Zamiast tego trwającym meme kulturowym jest uczenie dziecka „niezależności” (co oznacza również niezależność rodzica od odczuwania zbyt bliskich potrzeb dziecka). Naucz dziecko, że trzeba być twardym – po prostu przełknąć kulę i przygotować się na posłuszeństwo wobec pragnień rodziców. „W życiu nie chodzi o dobre samopoczucie i szczęście, ale o to, by robić to, co każą ci robić inni”. Jest to mentalność niewolnika, być może zbudowana we własnych doświadczeniach rodziców z niedostateczną opieką. „Życie jest niesprawiedliwe, więc naucz dziecko tego od samego początku”. Podobnie jak John Watson, który namawiał matki, aby traktowały swoje dzieci jak studentów college’u – spraw, aby dzieci przyzwyczaiły się do niedostatecznej opieki już teraz. Niestety, buduje to niepokój i poczucie niedostatku.

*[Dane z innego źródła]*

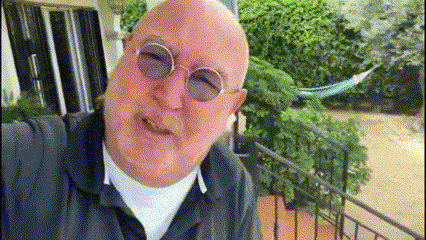a bald man wearing sunglasses and a blue shirt is taking a selfie on a balcony .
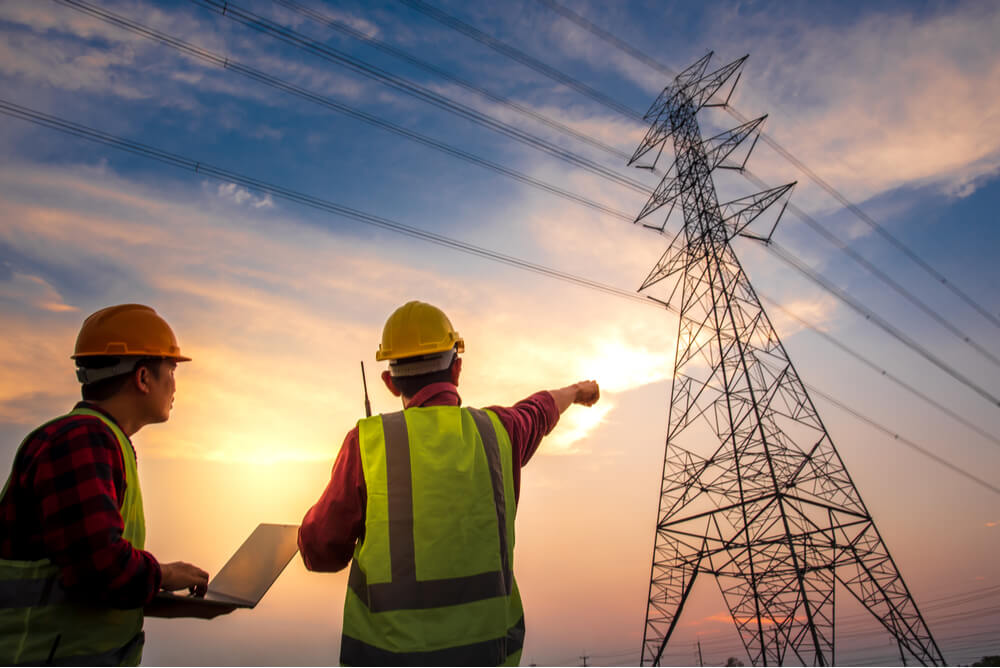 two men working on a smart grid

Jakiej pomocy potrzebują dzieci?
W pierwszych 18 miesiącach życia, dzieci przyzwyczajają się do życia poza łonem matki bez łożyska dającego stałe wsparcie i biochemii mamy kierującej rozwojem dziecka. Po urodzeniu dzieci polegają na mamie i innych opiekunach, którzy pomagają im nauczyć się funkcjonować na różne sposoby. Każdy układ jest sterowany w swoim prawidłowym rozwoju przez wsparcie opiekunów (np. pozytywny dotyk sprzyja prawidłowej pracy układu oddechowego i serca; mleko matki sprzyja rozwojowi mikrobiomu, który wspiera dobry układ odpornościowy). Niemowlęta oczekują opieki towarzystwa (wyewoluowane gniazdo). Niemowlęta, które otrzymują tylko jedzenie i zmiany pieluchy nie rozwijać (zwany „hospitalism”;” Spitz, 1947).

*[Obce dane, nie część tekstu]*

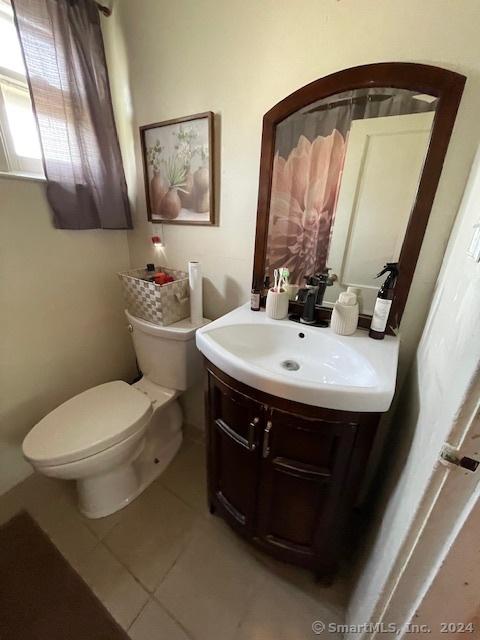 bathroom featuring tile patterned flooring, vanity, and toilet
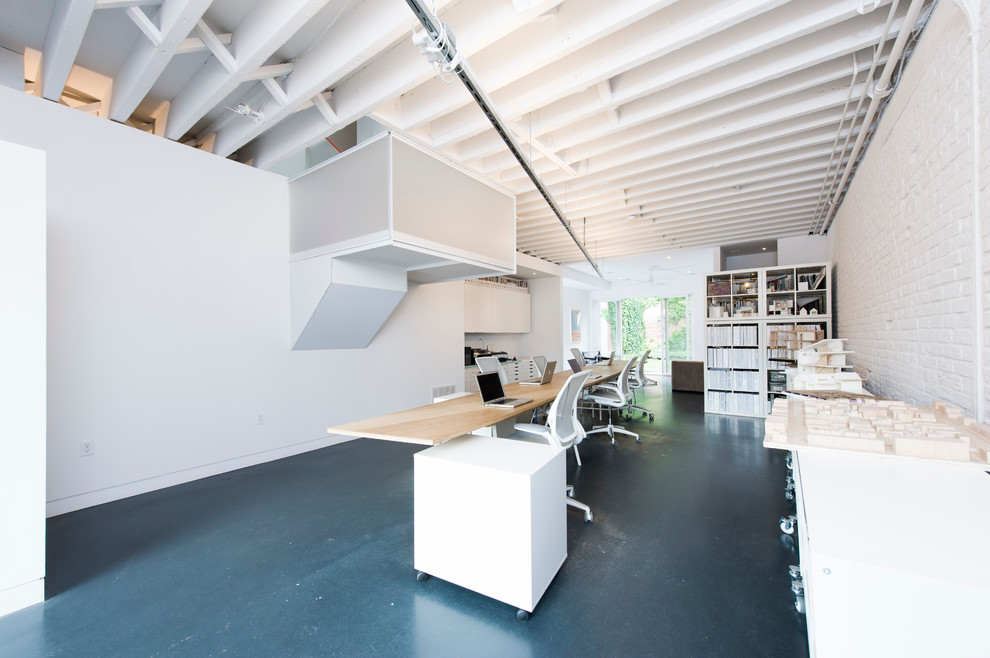 На фото: домашняя мастерская в стиле лофт с белыми стенами, бетонным полом и отдельно стоящим рабочим столом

Co się dzieje, gdy budujesz dom z wadliwym fundamencie? Jak bilked homebuyers dowiedzieć się później, dom zapada się pod wpływem stresu. Jeśli chcemy, by nasze dzieci były odporne na życiowe stresy, musimy od początku wspierać ich prawidłowy rozwój. Gniazdo ludzkości wyewoluowało właśnie w tym celu.